▽
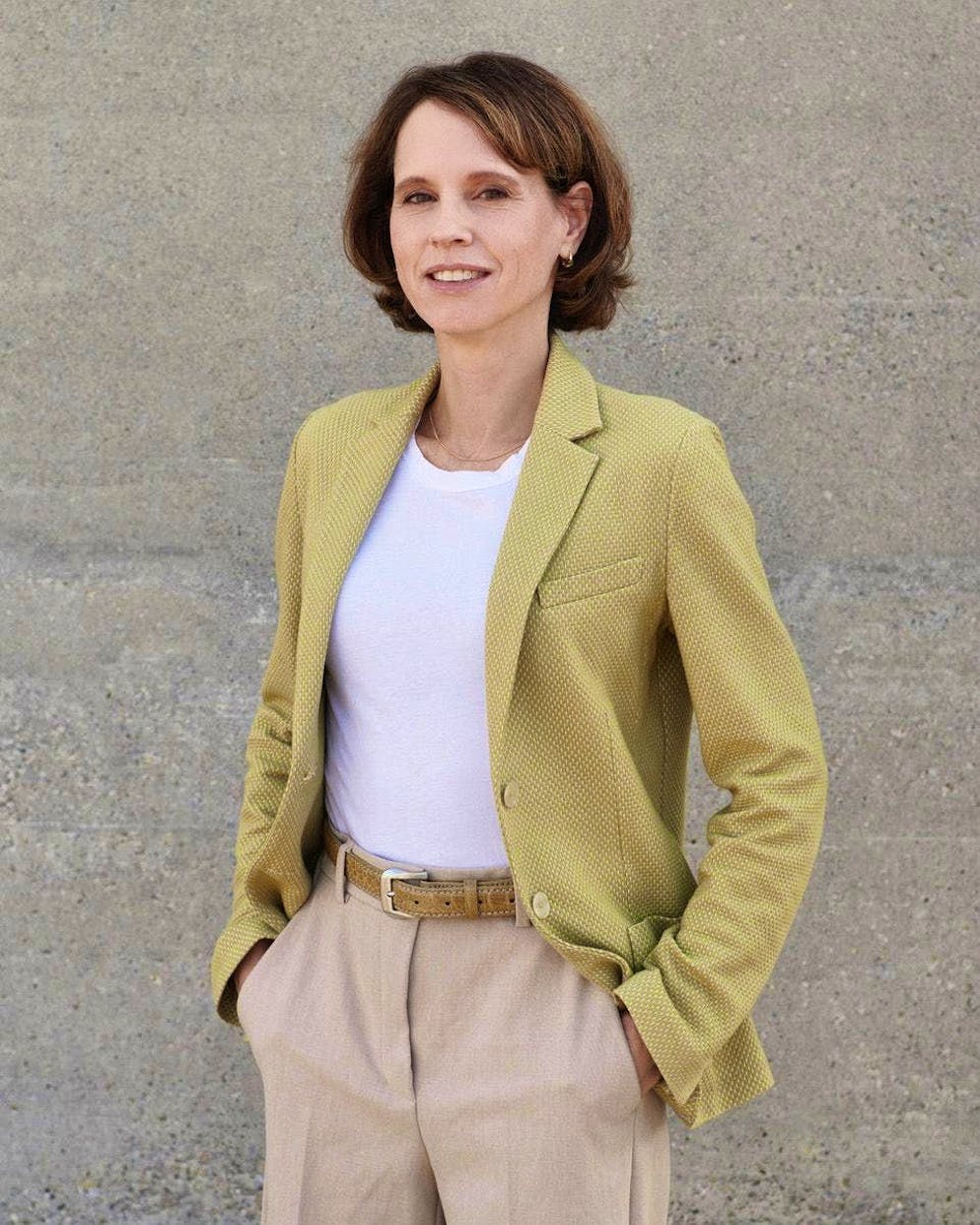 "I appreciate ambivalence and love nuances. On the other hand, I don't like heat that makes me unable to think properly and eternal darkness": Barbara Bleisch.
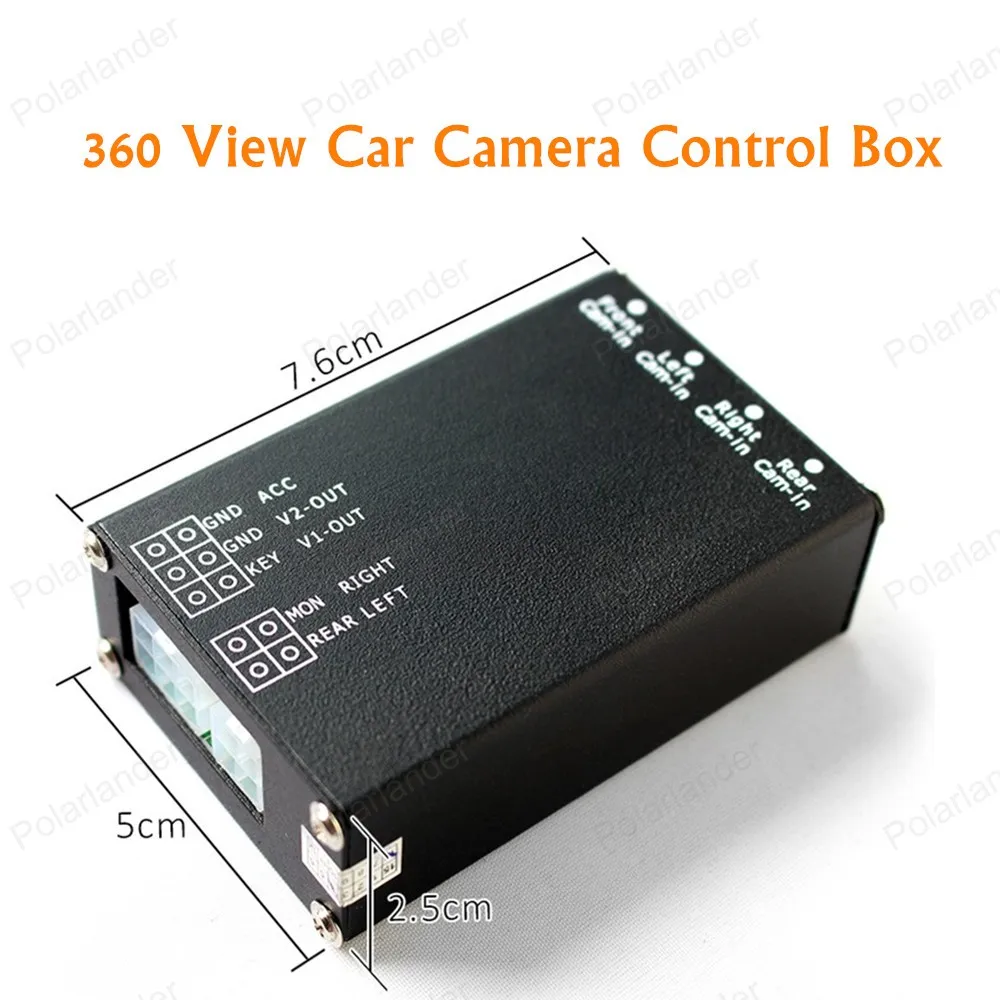 wholesale 4PCS Back UP Rear View Cameras 4 Way Cameras Switch System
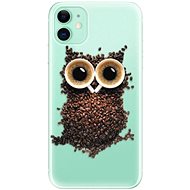iSaprio Owl And Coffee for iPhone 11 - Phone Cover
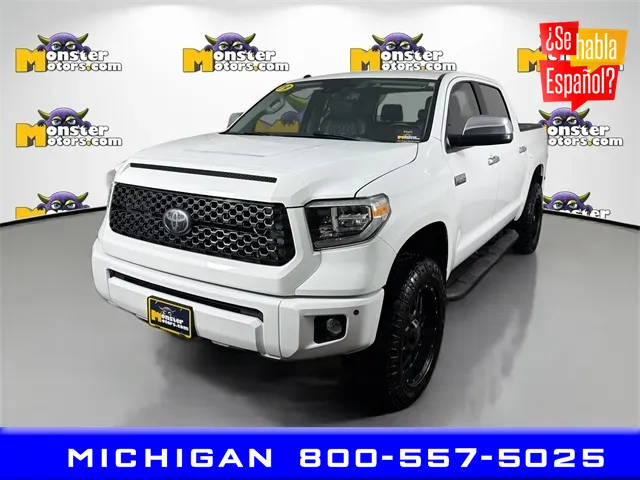 2019 Toyota Tundra 1794 for sale in Michigan Center, MI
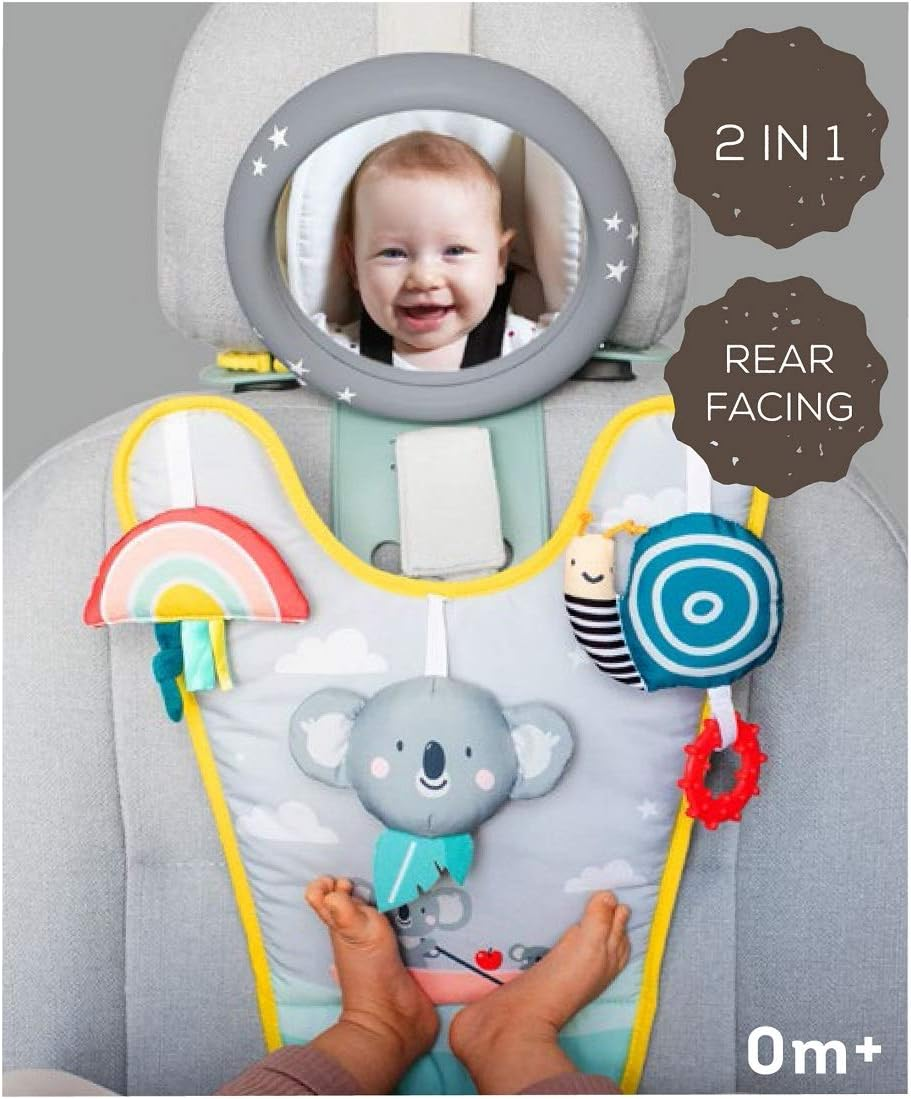 TAF TOYS koala lusterko centrum aktywności do auta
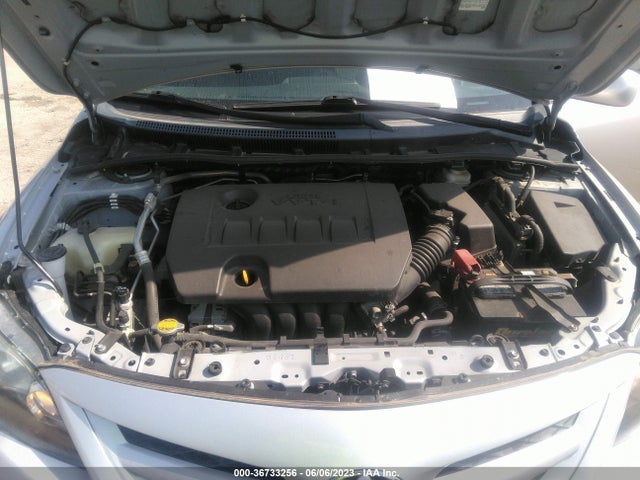2011 TOYOTA COROLLA S VIN: 2T1BU4EEXBC674707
△
(REQUIRED WORK)
The lines running from the one with "iSaprio Owl And" to the close of the material above are to be retyped exactly; no picture is to be included.

(RESPONSE AREA)
iSaprio Owl And Coffee for iPhone 11 - Phone Cover
 2019 Toyota Tundra 1794 for sale in Michigan Center, MI
 TAF TOYS koala lusterko centrum aktywności do auta
2011 TOYOTA COROLLA S VIN: 2T1BU4EEXBC674707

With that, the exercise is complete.